Я очень долго искала главную героиню. Искала в Москве, в Киеве, в Минске, в Питере. Пересмотрела всех в Нью-Йорке и звонила в прибалтийские страны. Даже съездила в Тбилиси и поговорила там с Тиной Далакишвили. Серьезный был поиск. Мне нужна была не просто молодая актриса, а личность. Личность сложно найти. Сейчас молодые люди к 22-м годам еще формируются как личности. Они еще очень воздушные. Я помню, что все мои подруги в этом возрасте были более приземленными, что ли. Из другой стихии. Могли и поцарапать. В Алине я увидела личность, много-много энергии и нужный стержень. Это было видно даже по визитке, которую она записала. Она там будто даже с претензией сказала, что хочет быть современным художником, а не актрисой. У нее чудесное образование, ее мастер Дмитрий Брусникин умер в этом году. Она из Новосибирска и не сразу стала актрисой. Еще у Алины были прямые пересечения с Велей, потому что она тоже два года отучилась на юридическом, потом бросила и поехала в Москву становиться актрисой. Мы очень быстро друг другу понравились. Когда она приехала, на ней все хорошо сидело, все смотрелось, все сразу работало. Я даже не знала, что она уже сыграла в «Витьке Чесноке». Думала, что я ее нашла. Мне очень хотелось, чтобы я ее открыла.
На репетиции не было времени?
Ключевые вещи нам удалось отрепетировать в каких-то ужасных офисных помещениях в очень сжатый период времени.
А где нашли хрустальный завод?
В городе Борисове, недалеко от Минска. Хрусталь – это национальная гордость. Поселок Хрустальный в нашем фильме – вымышленное место. Борисов все еще находится в состоянии 1990-х, и половина завода не работает. Так что мы там никому не мешали.
Вы себя ощущаете белорусским или американским режиссером? Или вы не думаете в этих категориях?

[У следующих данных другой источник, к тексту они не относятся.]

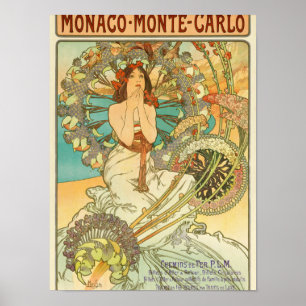 Poster Monaco, Monte-Carlo, Chemins de Fer P.L.M par Much
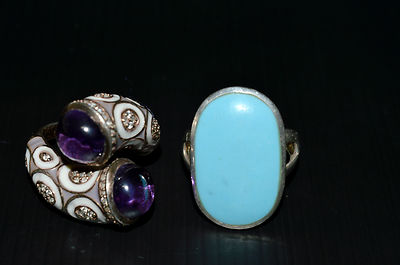 Bague Ancienne En Argent Avec Turquoise - Bijou Vintage French Antique Jewelry Occasion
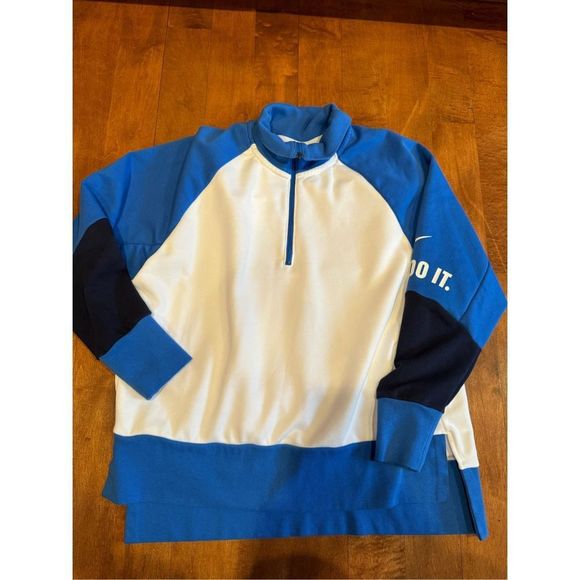 Nike Blue and White Quarter-Zip Sweatshirt - Picture 1 of 5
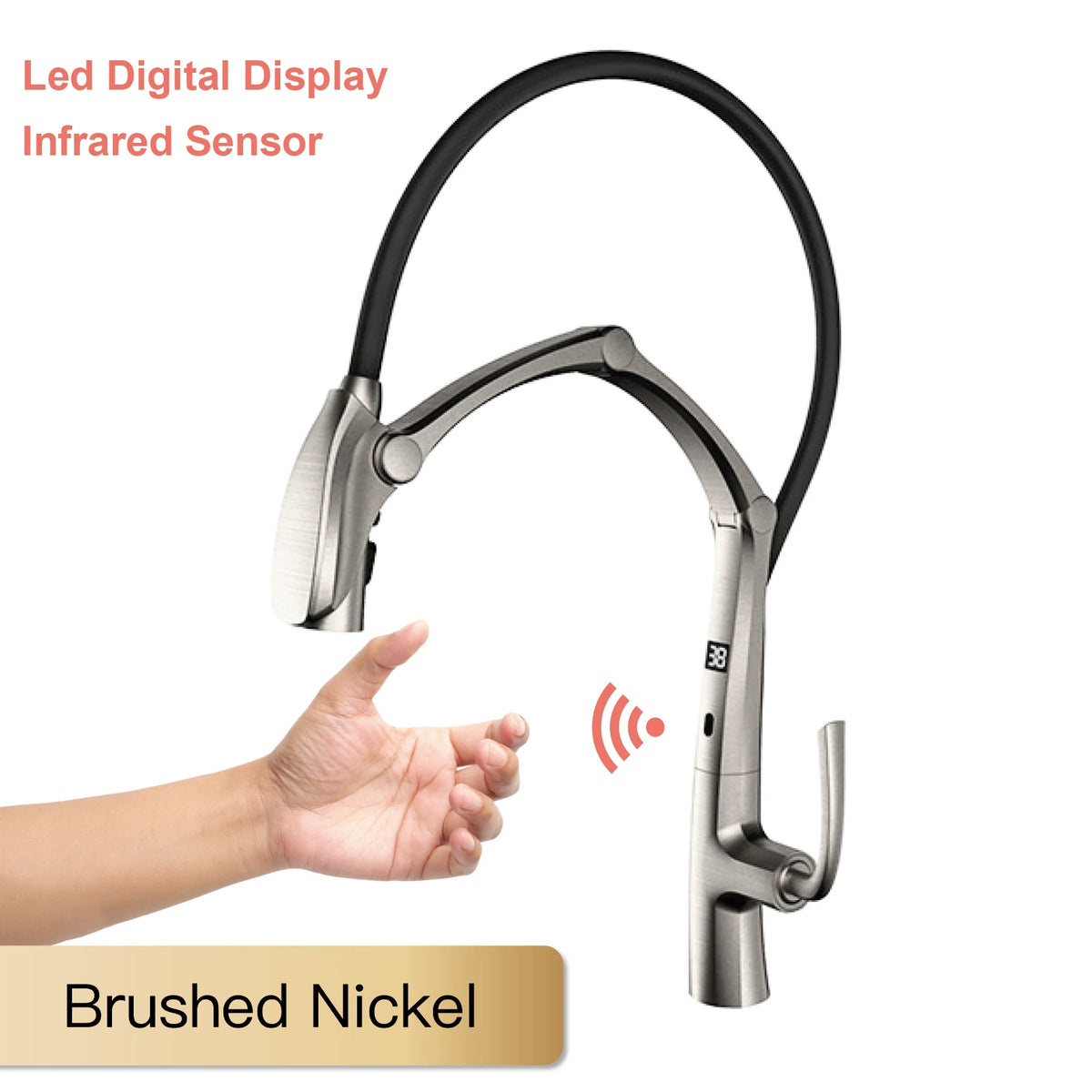 Aitana Gun Grey Luxury Brass Led Display Faucet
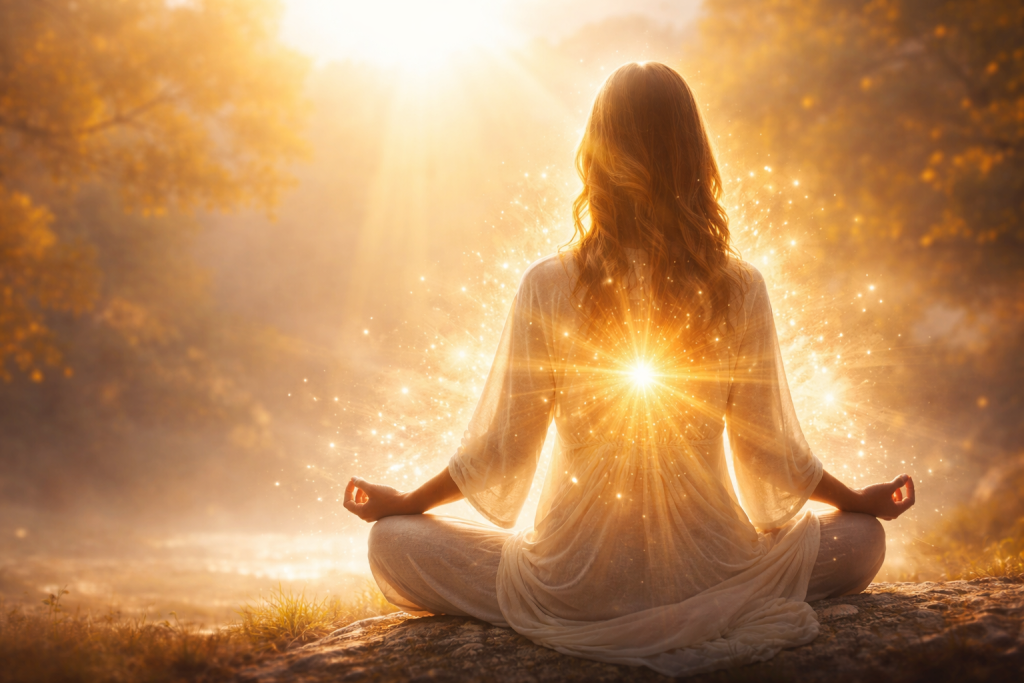 Purification spirituelle : lumière dorée symbolisant un nettoyage énergétique et le recentrage intérieur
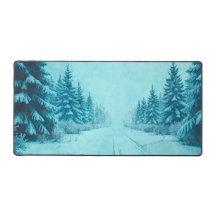 Winter Snow on Pine Trees Desk Mat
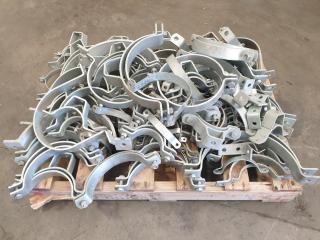 Pallet of Large Galv Pipe Clamps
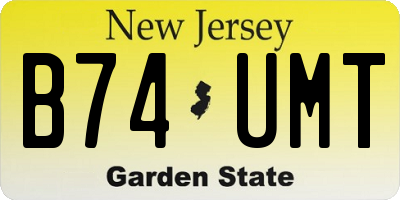 NJ license plate B74UMT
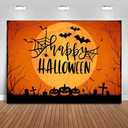 Mocsicka Happy Halloween Backdrop Orange Night Moon Graveyard Background Spooky Pumpkin Spider Web Halloween Party Cake Table Decoration Banner Photo Booth Props (8x6ft)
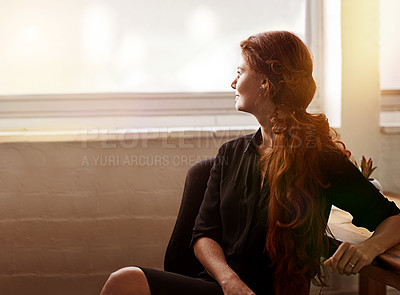 Buy stock photo Businesswoman, thinking and office desk for career future at tech startup for small business, entrepreneur or thoughts. Female person, contemplating and workplace vision for decision, planning or job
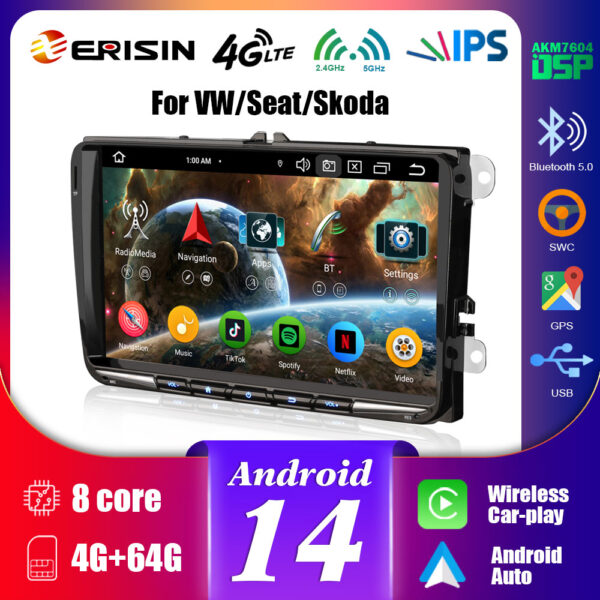 Erisin Car Radio 7 Inch 8-Core 8GB 128GB Android 14 Bluetooth GPS Navigation for Mercedes Benz E/CLS Class W211 W219 CarPlay Android Car WiFi 4G DSP DAB USB RDS DVB-T2 TPMS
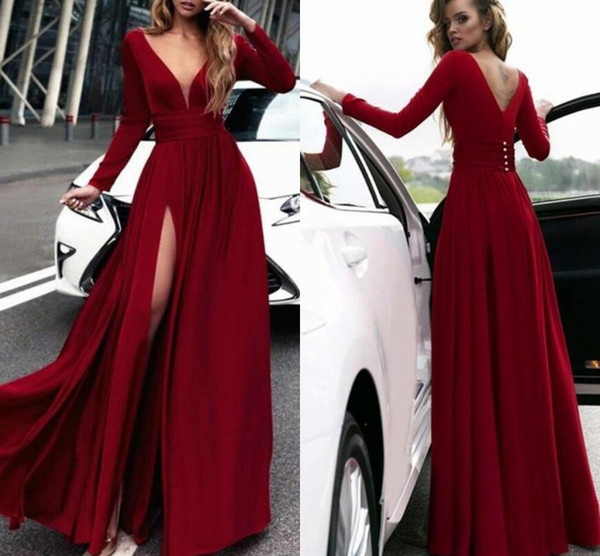 Vintage Dark Red Long Sleeve Split Evening Dresses A Line V Neck Formal Vestidos Party Prom Gowns With Buttons BC1540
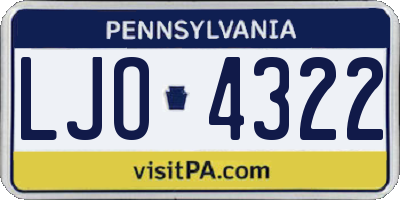 PA license plate LJO4322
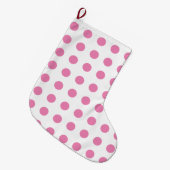 Polka Dots Roze Wit Kleur Retro Classic Grote Kerstsok (Voorkant (Hangend))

Сложный вопрос. Лично я смотрю скорее на самих режиссеров, чем на их национальную принадлежность. Например, мне понравился фильм «О теле и душе» Илдико Эньеди, и совершенно неважно венгерское это кино или нет. Но «Хрусталь» для меня – это все-таки белорусское кино. Это дань тому месту, откуда я сама произошла. Любовное письмо, в котором есть юмор, и страшный юмор, и любовь, и смех. Наверное, я ощущаю себя белорусским режиссером, который просто не живет на родине.
«Хрусталь» – это кино про свободу или про невозможность свободы?
Про невозможность свободы. Возможно, есть надежда, что новое поколение что-то изменит. Эта невозможность свободы и заставляет героиню повзрослеть и переосмыслить что-то, наверное.
Вы думали над тем, что случается с героями после финала?
Наверное, они будут искать какие-то другие пути. Знаете, у меня есть подруга, которая тоже пыталась уехать из Беларуси, но в итоге осталась и продолжает очень успешно диджеить в Минске. Стала там звездой. Да и Костя (в фильме его играет Илья Капанец – прим. ред.), не думаю, что задержался бы в городе надолго. Это такой рывок. Внутренний перелом все-таки произошел.
В финале Веля смотрит через окно автобуса на протестующих в центре города. Присоединится к ним?
Веля – человек, который не замечал ничего вокруг себя, не видел людей рядом. Чтобы сделать из нее революционерку, нужно было бы еще полтора часа. Когда она видит демонстрантов, то вдруг понимает, что она не единственный человек, который так себя чувствует. Я думаю, она действительно задумается. Через горечь насилия, через боль она обрела какую-то свободу.
А если говорить о персонаже Ивана Мулина? В его глазах будто бы тоже на время зарождается желание перемен.
Он жертва обстоятельств и системы. Он не может стать другим человеком за несколько дней и обречен повторять ошибки. Для меня он жертва, которая стала палачом.
Вы уже работаете над новым проектом?
Я пока просто читаю много сценариев и общаюсь с молодыми сценаристами. Несколько статей и новел мне понравились. Разрабатываю истории, связанные с американской мечтой и сильными женскими персонажами. Держит меня пока эта тема.